Architectes et peintres, ils ont voué leur existence aux arts. Mais à la façon dont ils traitent le nôtre, on les devrait croire prédestinés à l’honorer. Jeunes encore, ce sont déjà dans l’arme de vieux grognards. Ils en ont tous les chevrons. En eux l’habileté photographique semble s’être incarnée et, ce qui vaut mieux encore, greffée sur une organisation d’artiste.
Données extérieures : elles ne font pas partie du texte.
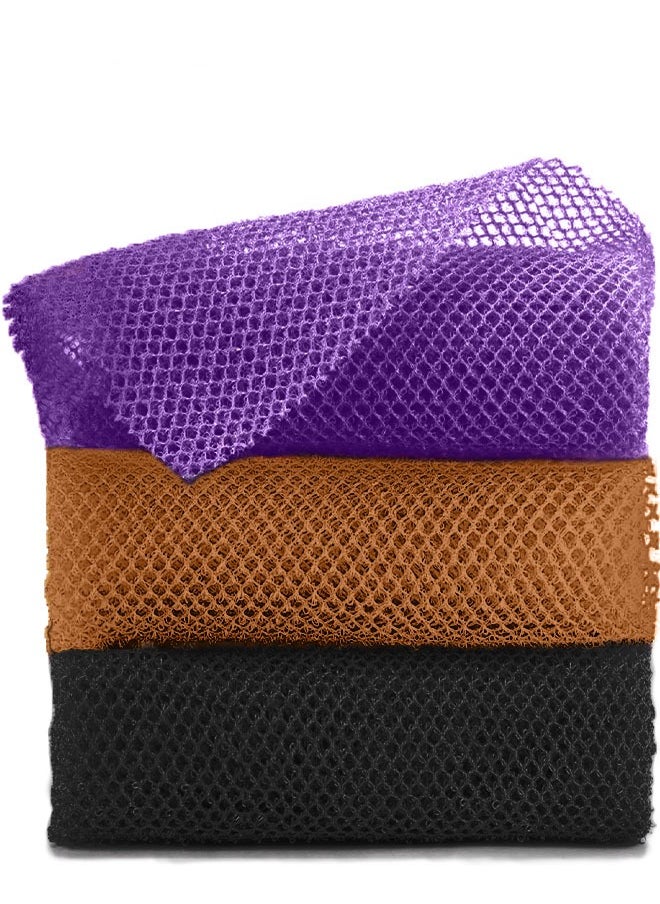 فلابوكس FLABOX 3 Pcs شبكة إسفنج أفريقية تقشر إسفنج الحمامات إسفنج تقشر الجسم الظهر سكرابر الجلد أملس للحمام، حوض (أرجواني، أسود، قهوة)  - Image 1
Il y a près de quinze ans que nous restions bouche béante devant des plaques où resplendissaient toutes les beautés des Rembrandt et des Vandyck ; c’étaient des portraits de MM. Bisson, peints par eux-mêmes, et que M. Chevallier refusait de nous vendre à quelque prix que ce fût.
Faire plus et mieux qu’alors en ce genre leur serait impossible ; mais depuis ils se sont approprié d’une façon supérieure toutes les conquêtes successives ; ils y ont mis leur griffe et n’ont laissé devant eux personne dans les diverses routes qu’ils ont voulu parcourir. L’œuvre de Rembrandt, celle d’Albert Durer, popularisées par leurs soins, en font foi. Ont-ils essayé du paysage ? Nous l’ignorons ; mais à coup sûr, vers quelque région de nos États qu’il leur plaise jamais de se diriger, il faudra plaindre ceux qui jusqu’alors y tenaient le premier rang et voulaient le garder sans partage.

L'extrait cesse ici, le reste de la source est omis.